IDO-1 expression by IHC status was considered independently in tumor cells and immune cells; it was considered as expressed in tumor cells with H-Score ≥ 1 and as expressed in immune cells with percentage ≥ 1% (Figure 1).

Figure 1. Examples of IDO-1 IHC positive tumor samples in tumor cells (on the left) and in the stroma - immune cells (on the right); both pictures are in 20x magnification (IDO-1, indoleamine 2,3-dioxygenase; IHC, immunohistochemistry).
We consider IDO-1 expression in immune cells overall in the tumor microenvironment, though immune cells should not be considered as a single population, but represented by different subpopulations (macrophage, lymphocytes, stromal cells…). We observed that IDO-1 expression in tumor infiltrate was much higher as compared to tumor cells, but we did not perform scoring on each single subpopulation in order not to lose power and statistical significance.
Statistical analysis
The IDO-1 H-Score was assessed for a cutpoint to identify those that are IDO-1-positive or negative (IDO-1+/-) by dichotomizing H-Score using the log-rank test to find a threshold that best discriminated survival times. A cutpoint of 1 resulted in the best separation at survival times. Therefore, a H-Score ≥ 1 was used to identify individuals as IDO-1+ and < 1 as IDO-1-. Correlation results comparing IDO-1 H-Score with demographic and biological variables were assessed using Spearman and Kendall tests; a value of 1 or -1 indicates perfect correlation, while a value of 0 indicates no correlation. A Cox proportional hazards (PH) model was used to assess if OS was associated with IDO-1 positivity, age, sex, stage, PD-L1 status (tumor proportion score TPS cutpoint of 5%), histology, percent positive IDO-1 immune cells and percent immune cells to tumor cells. Individuals with stage 4 disease were removed from the analysis due to the small numbers in this group (N = 7 [1.6%]); Univariate analyses for these variables were conducted. If a variable was found to be significant in the univariate setting, it was included in the multivariable analysis.
Similar analyses were conducted assessing the percent of immune cells positive for IDO-1. A cutpoint of 20% was found to be the threshold that best discriminated survival times using the log-rank test. Correlation results comparing IDO-1+ % immune cells with demographic and biological variables were also assessed with Spearman and Kendall tests. A Cox proportional hazards (PH) model was used to assess if OS was associated with IDO-1+ % immune cells, age, sex, stage, PDL1 status (tumor proportion score TPS cutpoint of 5%), and histology.
Results
Exploratory analysis was performed on the Polish cohort of 124 patients in which 2 cases were excluded due to a lack of clinical data (see Table 1). Of the 122 remaining patients, corresponding to 259 evaluable tumor specimens, we analyzed IDO-1-expression by IHC in tumor cells, resulting in 84 patients (67.7%) IHC-negative (IHC-) and 40 patients (32.3%) IHC-positive (IHC+). Of the positive cases, 13 patients (10.4%) demonstrated a H-Score between 1 and 9, 12 patients (9.8%) had a H-Score between 10 and 49, 9 patients (7.3%) had a H-Score between 50 and 99 and 6 patients (4.8%) had a H-Score of more than 100 (Figure 2).
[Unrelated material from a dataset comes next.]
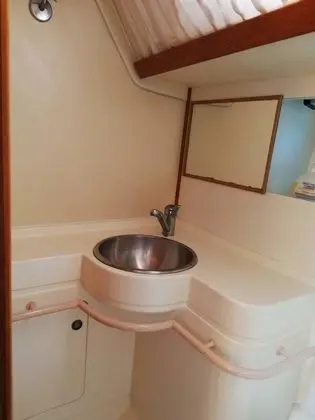 Family Karavan, 3 Yatak Odası, Sigara İçilmez, Okyanusa Sıfır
Table 1. Polish cohort patient characteristics according to IDO-1 IHC-status of tumor cells and immune cells.

Figure 2. Prevalence distribution of IDO-1 expression in tumor cells and immune cells in Polish cohort and Australian cohort.
For 5 patients, IHC-staining in immune cells was not clearly detectable; of the 117 remaining patients, corresponding to 248 evaluable tumor specimens, tumor immune infiltrate was IDO-1 negative in 63 patients (53.8%), while in 54 patients (46.2%) tumor immune infiltrate was IDO-1 positive, in particular with a percentage of IDO-1+ immune cell between 1 and 25; there were no patients with a percentage higher than 25% (Figure 2).
Prevalence of IDO-1-expression (32.3% in the overall population) was higher in specific sub-populations of patients, in particular with age ≥ 65 years old (43.4%), female gender (39.1%), never smokers (66.6%), squamous histology (36.1%), stage I disease (38.6%) and poorly differentiated disease (41.0%). Survival analysis did not reach a statistically significant difference between patients with tumor IDO-1-expression (H-Score ≥ 1) and patients without. OS was 36.4 vs 33.3 months for patients with and without IDO-1-expression respectively (HR: 0.73, 95% CI 0.43-1.24, p = 0.27) and PFS was 27.8 vs 16.8 months for patients with and without IDO-1-expression respectively (HR: 0.76, 95% CI 0.46-1.25, p = 0.30). The OS benefit seemed to be higher when we applied an alternative cut-off, with H-Score ≥ 10; in this case OS HR was 0.69 (95% CI 0.38-1.25, p = 0.27). We identified some sub-populations with higher survival benefit derived from IDO-1-expression in tumor cells: in particular, for patients with stage I disease OS HR was 0.27 (95% CI 0.09-0.81, p = 0.07), PFS HR was 0.35 (95% CI 0.12-0.97, p = 0.09); for patients with adenocarcinoma OS HR was 0.37 (95% CI 0.12-0.79, p = 0.003), PFS HR was 0.21 (95% CI 0.08-0.58, p = 0.023).
Most results were not statistically significant because of the small number of patients included in this cohort. Nevertheless, based on the encouraging indications derived from these data, we used a second larger cohort in order to provide a higher number of patients and statistically validate previous results.
Thus, a second validating analysis was performed on the Australian cohort of 444 patients; 7 which lacked clinical records. Of these 437 patients, corresponding to 1,165 tumor specimens, we evaluated IDO-1-expression levels by IHC both in tumor cells and in immune infiltrate.
Table 2 identifies the prevalence of IDO-1-expression in tumor cells was distributed as follow: 326 patients (74.6%) were IHC- and 111 (25.4%) were IHC+. For IHC positive cases, 25 patients (22.5%) had a H-Score between 1 and 9, 43 patients (38.8%) had a H-Score between 10 and 49, 23 patients (20.7%) had a H-Score between 50 and 99 and 20 (18.0%) patients had a H-Score of more than 100 (Figure 2).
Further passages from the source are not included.